--- About this exercise ---
In the records below, the line with "ACAN HHC Gummies" opens the range and the line with "Apa Hotel Namba" closes it; print that range exactly and nothing else.

--- Exercise data ---

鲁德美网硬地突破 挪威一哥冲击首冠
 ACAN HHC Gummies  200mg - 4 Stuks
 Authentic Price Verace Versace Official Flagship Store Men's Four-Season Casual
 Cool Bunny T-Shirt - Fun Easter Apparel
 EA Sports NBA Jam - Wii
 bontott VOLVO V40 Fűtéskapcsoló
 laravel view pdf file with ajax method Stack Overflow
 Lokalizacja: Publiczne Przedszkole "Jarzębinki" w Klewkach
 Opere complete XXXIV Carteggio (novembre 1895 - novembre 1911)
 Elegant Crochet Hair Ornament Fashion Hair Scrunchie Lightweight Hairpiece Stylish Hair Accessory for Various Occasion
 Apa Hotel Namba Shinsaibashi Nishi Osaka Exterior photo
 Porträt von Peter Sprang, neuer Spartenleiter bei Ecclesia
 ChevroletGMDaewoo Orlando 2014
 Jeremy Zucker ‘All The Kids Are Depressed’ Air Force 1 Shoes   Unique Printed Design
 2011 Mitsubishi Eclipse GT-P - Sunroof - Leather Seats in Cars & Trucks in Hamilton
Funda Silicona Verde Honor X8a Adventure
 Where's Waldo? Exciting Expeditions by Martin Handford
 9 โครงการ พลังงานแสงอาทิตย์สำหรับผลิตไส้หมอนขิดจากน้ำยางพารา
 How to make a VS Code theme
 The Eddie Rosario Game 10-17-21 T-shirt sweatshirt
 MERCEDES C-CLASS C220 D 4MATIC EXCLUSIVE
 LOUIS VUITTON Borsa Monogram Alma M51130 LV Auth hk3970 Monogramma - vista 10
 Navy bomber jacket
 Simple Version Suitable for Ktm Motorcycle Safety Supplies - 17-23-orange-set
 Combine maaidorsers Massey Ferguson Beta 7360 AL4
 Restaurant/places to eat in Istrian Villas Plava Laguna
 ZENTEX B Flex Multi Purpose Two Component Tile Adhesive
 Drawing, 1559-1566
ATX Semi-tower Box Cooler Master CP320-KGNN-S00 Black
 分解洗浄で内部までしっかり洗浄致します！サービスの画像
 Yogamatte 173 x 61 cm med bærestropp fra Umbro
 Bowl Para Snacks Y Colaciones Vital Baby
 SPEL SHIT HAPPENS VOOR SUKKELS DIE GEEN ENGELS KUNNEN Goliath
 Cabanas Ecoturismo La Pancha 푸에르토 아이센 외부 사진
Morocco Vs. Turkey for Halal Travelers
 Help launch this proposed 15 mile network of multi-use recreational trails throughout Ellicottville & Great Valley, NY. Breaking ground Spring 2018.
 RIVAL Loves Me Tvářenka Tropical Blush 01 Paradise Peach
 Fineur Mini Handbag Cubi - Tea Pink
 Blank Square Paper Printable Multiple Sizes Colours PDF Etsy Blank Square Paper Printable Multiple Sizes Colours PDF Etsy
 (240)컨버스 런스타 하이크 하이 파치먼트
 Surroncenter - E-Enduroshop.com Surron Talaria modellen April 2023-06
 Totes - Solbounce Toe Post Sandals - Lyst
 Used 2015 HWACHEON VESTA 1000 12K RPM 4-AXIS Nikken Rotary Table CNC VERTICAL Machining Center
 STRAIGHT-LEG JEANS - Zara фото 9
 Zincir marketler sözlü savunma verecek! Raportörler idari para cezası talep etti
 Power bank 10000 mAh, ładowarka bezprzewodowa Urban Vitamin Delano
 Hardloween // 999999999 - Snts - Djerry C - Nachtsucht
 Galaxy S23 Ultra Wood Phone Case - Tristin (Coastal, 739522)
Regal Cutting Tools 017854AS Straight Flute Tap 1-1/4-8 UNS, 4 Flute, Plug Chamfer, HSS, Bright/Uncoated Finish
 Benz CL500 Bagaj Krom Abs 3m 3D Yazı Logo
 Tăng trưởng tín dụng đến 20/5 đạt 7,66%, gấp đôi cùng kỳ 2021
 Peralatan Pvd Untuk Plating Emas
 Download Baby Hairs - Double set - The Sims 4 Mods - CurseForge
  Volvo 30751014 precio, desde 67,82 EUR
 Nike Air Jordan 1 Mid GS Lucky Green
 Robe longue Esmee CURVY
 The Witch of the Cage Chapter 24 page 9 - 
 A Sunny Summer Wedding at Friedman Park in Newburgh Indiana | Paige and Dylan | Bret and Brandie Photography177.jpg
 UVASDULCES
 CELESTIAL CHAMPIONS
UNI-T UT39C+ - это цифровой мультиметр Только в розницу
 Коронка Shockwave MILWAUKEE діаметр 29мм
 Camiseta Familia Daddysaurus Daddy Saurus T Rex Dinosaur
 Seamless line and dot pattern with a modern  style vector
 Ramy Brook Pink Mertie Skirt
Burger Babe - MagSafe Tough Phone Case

--- Expected answer ---
 ACAN HHC Gummies  200mg - 4 Stuks
 Authentic Price Verace Versace Official Flagship Store Men's Four-Season Casual
 Cool Bunny T-Shirt - Fun Easter Apparel
 EA Sports NBA Jam - Wii
 bontott VOLVO V40 Fűtéskapcsoló
 laravel view pdf file with ajax method Stack Overflow
 Lokalizacja: Publiczne Przedszkole "Jarzębinki" w Klewkach
 Opere complete XXXIV Carteggio (novembre 1895 - novembre 1911)
 Elegant Crochet Hair Ornament Fashion Hair Scrunchie Lightweight Hairpiece Stylish Hair Accessory for Various Occasion
 Apa Hotel Namba Shinsaibashi Nishi Osaka Exterior photo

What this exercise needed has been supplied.